DAC 2022: Day 2

I covered Day 1 (and Day 0) of the Design Automation Conference in my post yesterday DAC 2022: Day 1. Tuesday was Day 2.

The keynote sessions started off with awards. Anirudh Devgan, Cadence's CEO, is the honoree of the 2021 Kaufman Award. He received his award earlier this year, and you can read about that in my post The 2022 Kaufman Dinner. But if an award is worth bestowing once then it is worth bestowing twice, and Anirudh received the award a second time at DAC (before going on to deliver the keynote).

Spectre

Later, one of the other awards was for the ACM/CEDA A Richard Newton Technical Impact Award in Electronic Design Automation. To be eligible for this award, the publication needs to have been at least ten years before. In this case, the publication was 27 years before, titled Efficient Steady-State Analysis Based on Matrix-Free Krylov Subspace Methods, which was published at DAC in 1995. The three authors were Jacob White of MIT, Ken Kundert of Cadence, and Ricardo Telichevesky of Cadence. Well, Ken and Ricardo worked for Cadence back then. In fact, both Ken and Ricardo worked for Cadence when I ran Custom IC, where they were the brain-trust of the Spectre family of circuit simulators.

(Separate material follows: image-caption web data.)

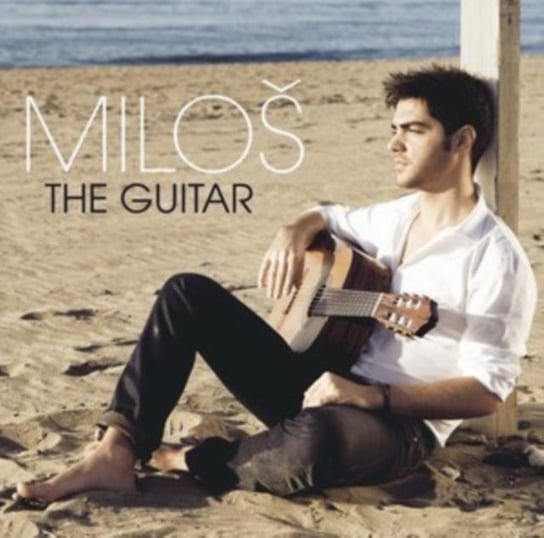 Milos: The Guitar Milos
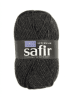 Superwash Safir Mörkgrå 503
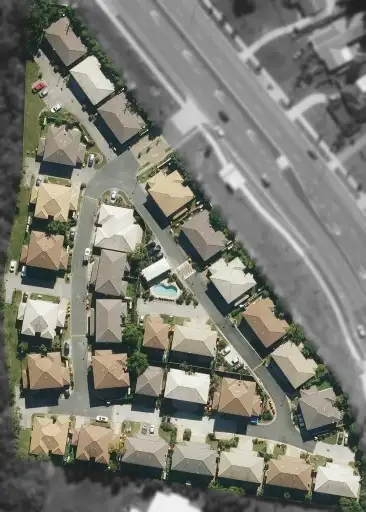 Second view of Homely townhouse listing, unit 35/38 Brays Road, Murrumba Downs QLD 4503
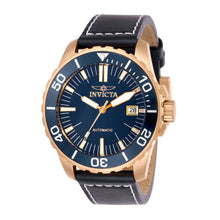 Cargar imagen en el visor de la galería, RELOJ CLÁSICO PARA HOMBRE INVICTA PRO DIVER 25643 - AZUL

Computational Software and the Future of Intelligent Electronic System Design

Having received his second Kaufman Award, Anirudh was soon back on the stage to deliver the keynote titled Computational Software and the Future of Intelligent Electronic System Design. He started by explaining that computational software is basically computer science plus math, or CS+math.

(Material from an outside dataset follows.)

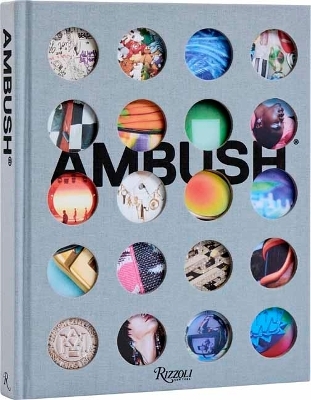 AMBUSH - VERBAL Yoon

At one level, there are drivers for the semiconductor industry and so indirectly they are drivers for EDA. In the memorable description of Mike Santorini, EDA is the water-skier behind the speedboat of the semiconductor industry. The current drivers are hyperscale computing, 5G, autonomous vehicles, Industrial IoT, and AI.

The above diagram shows the drivers for EDA (and Cadence). Three that Anirudh called out as the most important:

• System companies building their own silicon
• 3D-IC or chiplet-based design
• EDA with increasing automation based on AI

As a result, the future growth in Moore's Law is not coming from simple scaling, but from putting more onto the chip (multicore, domain-specific computing).

But EDA has its own version of Moore's Law, leading to a 1000X increase in productivity over the last two decades. On the left is the increase in capacity for digital implementation (synthesis, place and route, static timing signoff, and so on). On the right, the development of Cadence's emulation capability, going back to Quickturn's early days and all the way up to Palladium Z2 today. By the way, 1000X in 20 years is monthly growth rate of 3%, not far off 1% per week.

There is a future stretching out ahead of us too: 3nm coming soon, then 2nm, then 1.4nm, then 1nm. So at least three or four process nodes, a decade or so. But then 3D-IC and software kicks in, meaning we have 30 years of innovation ahead of us, driven more by integration than transistor scaling.

All software will become more and more computational. There is an enormous opportunity for those of us in EDA to expand our knowledge of CS+math into neighboring areas. EDA 1.0 is basic semiconductor and board EDA. EDA 2.0 takes that to the system level. And EDA 3.0 takes ML and big data algorithms into new domains.

The State of EDA: A View from Wall Street

On Sunday, Charles Shi of Needham presented a somewhat pessimistic view of the semiconductor industry heading into a downturn,  but one that EDA will be relatively immune to (people still need to design those next-generation systems even if the current version is not selling so well). Then on Monday, Richard Wayrzyniak of Semico Research Corp gave a more optimistic view of the semiconductor cycle, with no imminent downturn. On Tuesday, it was the turn of Jay Vleeschhouwer of Griffin Securities, who didn't really look at the semiconductor industry at all, just the EDA industry. You can sense his frustration at the Siemens acquisition of Mentor since the numbers are no longer so accessible and the concept of a share price or a market cap doesn't exist for them any more.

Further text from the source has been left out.